No minimality: Here, and in many parts of the literature, a circuit is treated as a collection of model components that are responsible for a particular model behaviour. We typically make no claims that we have found the smallest such collection of components, we only test that this collection is sufficient.
Backup behaviour & OR-gates: In some cases researchers have discovered “Backup heads”, components that are not normally doing the task but jump into action of other components are disrupted (Hydra effect). For example, in IOI when one ablates a name mover head (a key component of the circuit) a backup name mover head will activate and then do the task instead.
It can be helpful to think of these as OR-gates where either component is sufficient for the model to work. This does not fit well into our attempts of defining a circuit, nor plays well with the circuit finding methods above. Despite the name mover heads being important, if we ablate them then, due to backup heads compensating, the name movers look less important. Fortunately, backup behaviour seems to be lossy, i.e. if the original component boosted the logits by +X, the backup compensates for this by boosting less than X (the Hydra effect paper found 0.7*X). Thus these backup component weaken the visibility of the original component, but it is usually still visible since even 0.3*X is a relatively large effect.
Negative components: Some work in this area (e.g. IOI, docstrings [? · GW]) noticed attention heads that consistently negatively affected performance, and noising them would increase performance. This is problematic, because it makes it hard to judge the quality of a circuit analysis: it may look like we’ve fully recovered (or more than fully recovered!) performance, by finding half the positive components but excluding all negative ones. This is an unsolved problem. The automatic circuit discovery paper proposes using Kullback Leibler (KL) divergence as a metric to address this, which penalises any deviation (positive or negative), at the cost of also tracking lots of variation we may not care about.
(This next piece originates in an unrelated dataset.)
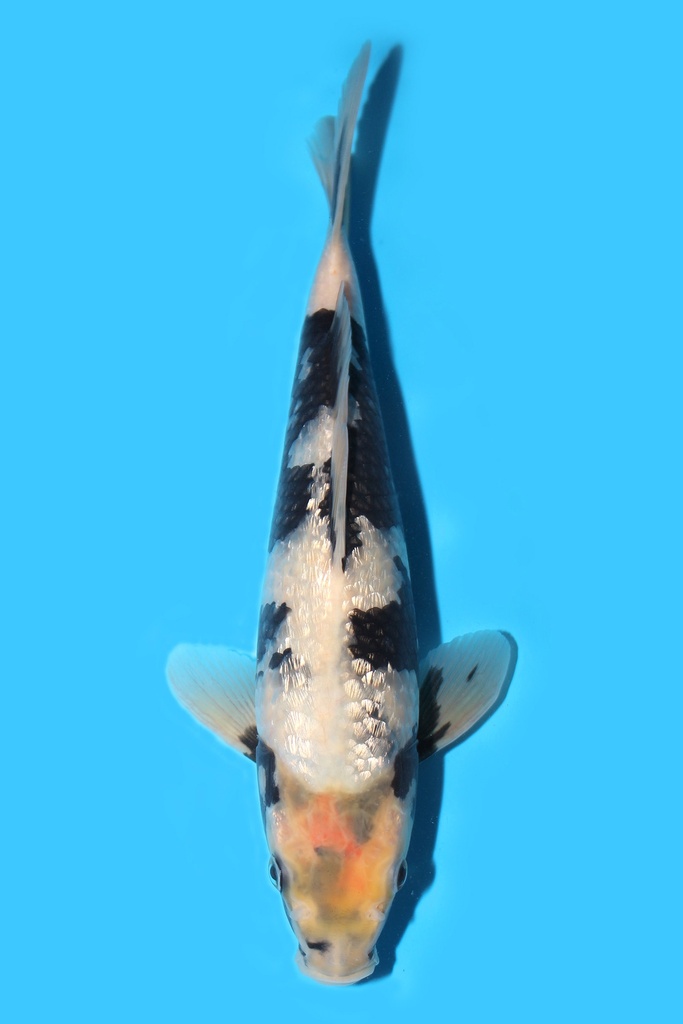 尾形产 银鳞白写 当才27cm 公母不明右 340066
Metrics and common pitfalls
So far we talked about “preserving” and “restoring” performance, but in practice, model performance is not binary but a scale. Typically we find some components matter a lot, while others provide a small increase in performance. For the best interpretability we might look for a circuit restoring e.g. 90% of the model’s performance, rather than reaching exactly 100% (see the Causal Scrubbing posts [AF · GW] for examples). A useful framing is the “pareto frontier” of circuit size vs. performance recovered - recovering 80% of performance with 1% of the components is more impressive than 90% of the performance with 10% of the components, but there will always be a minimum circuit size to recover a given level of performance.
It’s easy to treat metrics as an after-thought, but we believe that the right or wrong choice of a metric can significantly change the interpretation of patching results. Especially for exploratory patching, the wrong metric can be misleading. The choice of metric matters less for confirmatory patching, where you expect a binary-ish answer (“have I found the circuit or not”) and all metrics should agree. We’ll go through a couple of metric choices in this section:
Based on | Example |
Logit difference (= Logprob difference) | Logit(Mary) - Logit(John) |
Logarithmic probability (logsoftmax) | Logprob(Mary) |
Probability (softmax) | Prob(Mary) |
Accuracy / Rank of correct answer | Rank(Mary)==0 |
An honourable mention goes to the KL divergence. Unlike the previous metrics, this metric aims to compare the full model output, rather than focusing on a specific task. KL divergence is a good metric in such cases.
In addition to these output based metrics, in some cases it makes sense to consider some model internals as metrics themselves. For example, one might use the attention paid by the name mover head to the indirect object as a metric to identify the subcircuit controlling this head, or the activation of a key neuron or SAE feature, or the projection onto a probe [AF · GW].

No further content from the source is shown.